Nationalism and racism are potent forces for mobilising the worst in society. They are a curse that has killed millions through war and genocide. The EU was a response, and a clever one. It didn't try and create the European super state of myth. It didn't try and abolish the nation state. Instead of utopianism, it gradually softened borders. It did that through integrating trade in a single market and through ensuring that every EU citizen became, in effect, a dual national. We are citizens of both our own country and the EU. It was practical too. Driving licences, pet passports, mobile phones, reciprocal health care, and others became Europe-wide, making life easier. Freedom of movement is part of that softening. It is a heavily circumscribed right. Any stay over three months is subject to stringent conditions (not that the UK enforced them). But it opened up opportunities to live and work in different EU states, without onerous bureaucratic restrictions.

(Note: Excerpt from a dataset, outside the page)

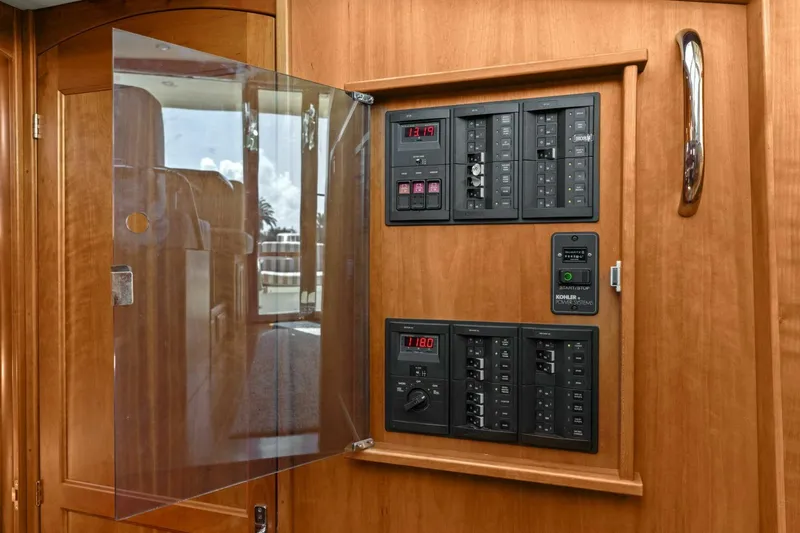 Slide: The Image of 2013 Sabre 38 Salon Express- FIVE O'CLOCK- Fuses - 5512805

Nationalists, and that means most Eurosceptic politicians in the UK, resented this and wanted to firm up borders again. They used the worst of populist rhetoric, spread lies, and dropped dark hints. It was playing with fire, but they preferred winning their game to the risk of being burnt. They thought they were safe anyway, the flames would only consume others. Their behaviour was contemptible. They encouraged dark forces to emerge from the corners to where they had been confined. They wanted their right-wing fantasy at all costs, costs that were born by the people in this book and documentary. I look at Brexit and sometimes wonder, what have we become?